International and local experience shows that customers increasingly prefer and use cash free methods of payment for public transport. The reason for this is the key benefits for customers including access to fare discounts, convenience, and ease of boarding allowing for faster journeys. Many customers also prefer to use non-cash payment in order to track and manage their travel budgets, and often, that of their dependants.
“Modern rail ticketing systems require customers to ‘tag-on’ and ‘tag-off’ at station platforms, and this is something that Council believes could be achieved with Snapper in the short term and swapped out when national ticketing is implemented in the future,” says cr Blakeley.

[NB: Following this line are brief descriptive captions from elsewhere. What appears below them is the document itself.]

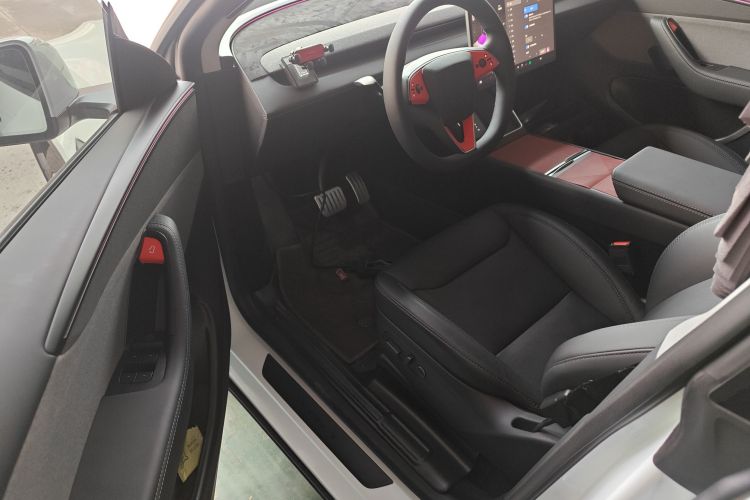 特斯拉 Model Y 2025款 后轮驱动版中控内饰7003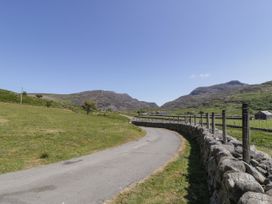 Llethr - Shepherds Hut - North Wales - 1087770 - thumbnail photo 30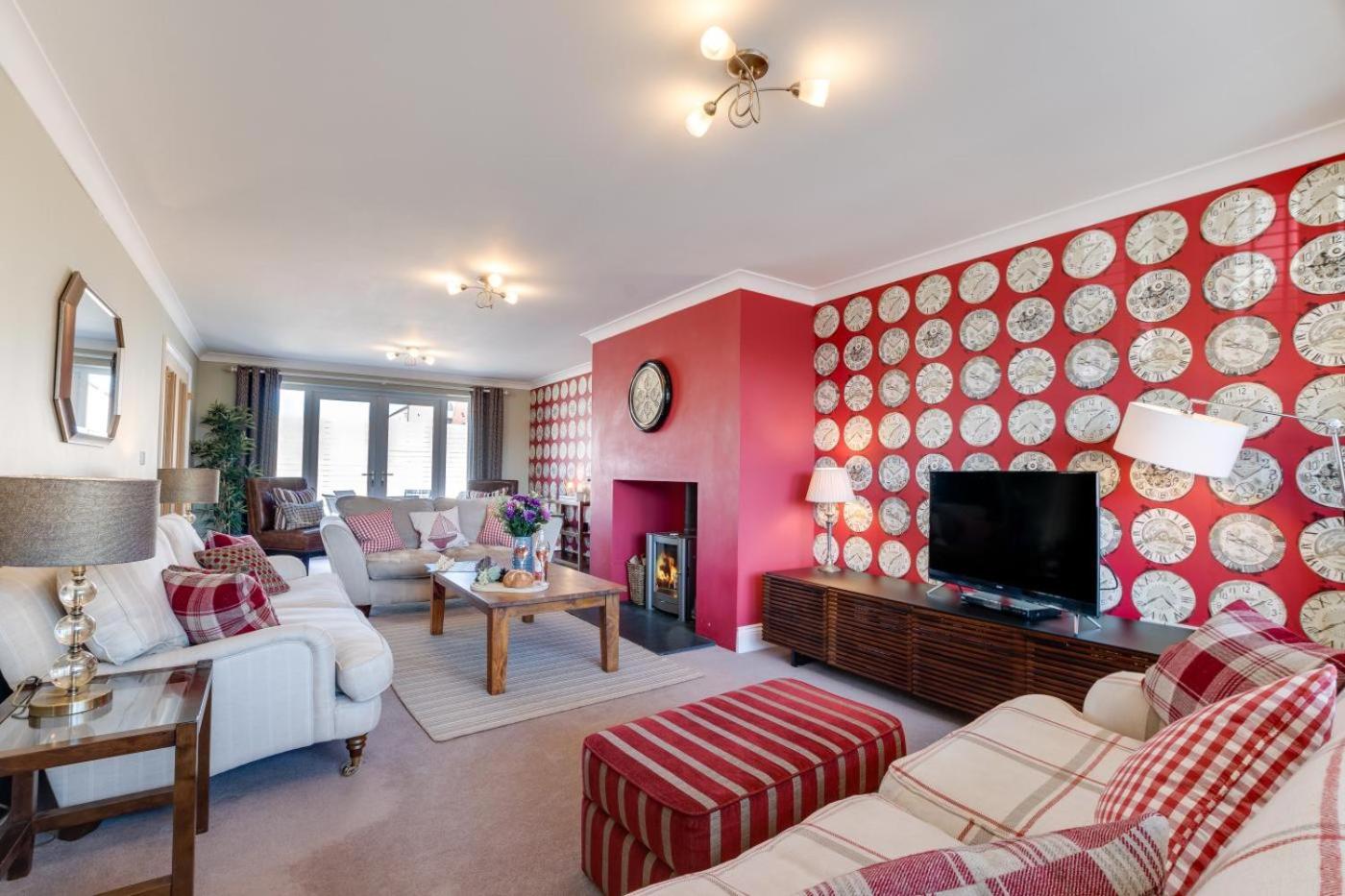 Five-Bedroom House photo 2
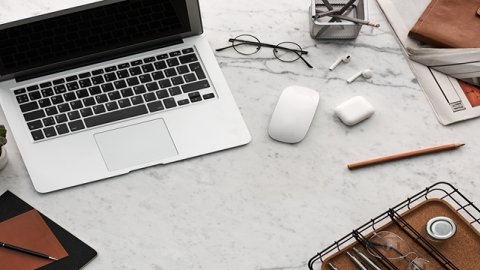 跨境電商倉(cāng)庫(kù)部門的工作職責(zé)：負(fù)責(zé)商品入庫(kù)、存儲(chǔ)、出庫(kù)及配送等環(huán)節(jié)，確保貨物高效、準(zhǔn)確、安全地流轉(zhuǎn)。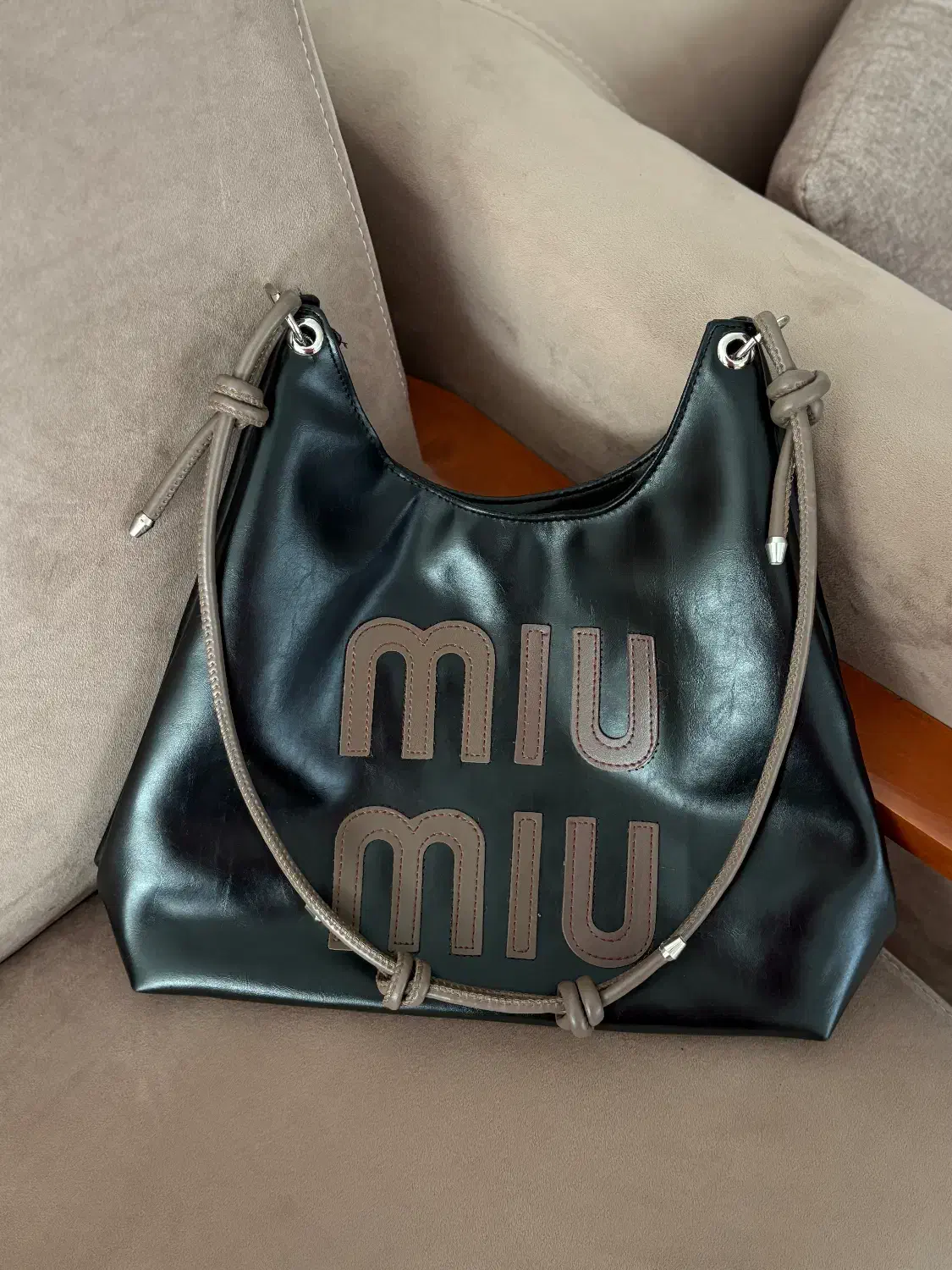 کیف میو میو جذاب|کیف، کفش، کمربند|سقز, |دیوار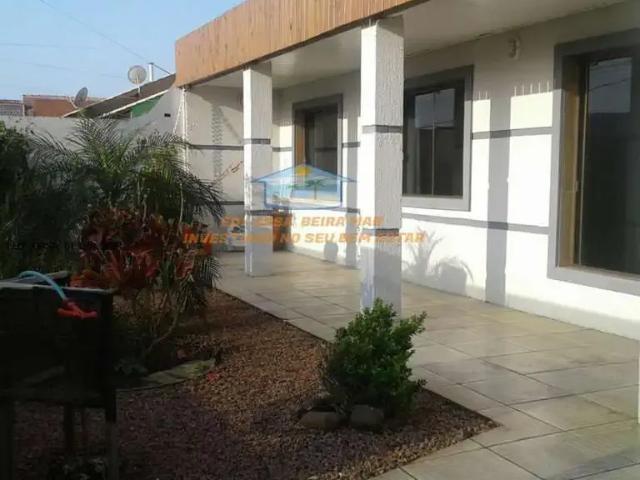 Casa / Sobrado para Venda em Cidreira/RS Salinas 3 Quartos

Metlink general manager, Scott Gallacher says no communities would be left behind if Snapper does roll out to rail.
“As we explore extending Snapper we’ll test and trial what works and what doesn’t with our passengers and communities across the region. Our goal is to encourage as many people to use public transport and to make sure that off-board cash payment options remain available for customers needing such options,” says Scott Gallacher.

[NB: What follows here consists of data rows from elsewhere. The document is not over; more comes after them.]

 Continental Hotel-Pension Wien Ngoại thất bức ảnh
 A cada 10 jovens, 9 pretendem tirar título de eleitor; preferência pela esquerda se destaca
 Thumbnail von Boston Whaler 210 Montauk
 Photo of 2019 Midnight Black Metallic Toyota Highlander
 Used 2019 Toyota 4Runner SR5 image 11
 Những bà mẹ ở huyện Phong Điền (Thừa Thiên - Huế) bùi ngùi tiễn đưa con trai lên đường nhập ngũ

On Metlink’s buses, approximately 80% of fares are paid using Snapper. It is estimated 15% of Metlink rail fares are paid on board using cash with paper tickets still used as the primary fare collection method. On ferry, approximately 11% of boardings are paid for by on board cash payments.

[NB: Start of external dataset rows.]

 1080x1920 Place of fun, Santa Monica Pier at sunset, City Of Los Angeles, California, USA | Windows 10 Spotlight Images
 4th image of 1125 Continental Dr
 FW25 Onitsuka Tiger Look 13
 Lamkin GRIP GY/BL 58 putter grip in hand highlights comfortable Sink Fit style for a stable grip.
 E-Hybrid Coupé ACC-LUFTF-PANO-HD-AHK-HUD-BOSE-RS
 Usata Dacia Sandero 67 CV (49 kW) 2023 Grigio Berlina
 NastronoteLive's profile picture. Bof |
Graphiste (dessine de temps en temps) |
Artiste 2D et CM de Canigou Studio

“Our focus is on providing better services to passengers and, in our regular customer satisfaction survey, passengers tell us that convenience of paying is an area we can improve on with 68% of rail passengers currently satisfied compared to 78% with our bus passengers. Clearly there’s room for improvement here and Snapper on rail could have a profound impact,” says Scott Gallacher.
Following the decision by Council, Metlink will engage with relevant operators and communities on the feasibility of Snapper on rail and work with Waka Kotahi to ensure alignment with government direction and projects including national ticketing.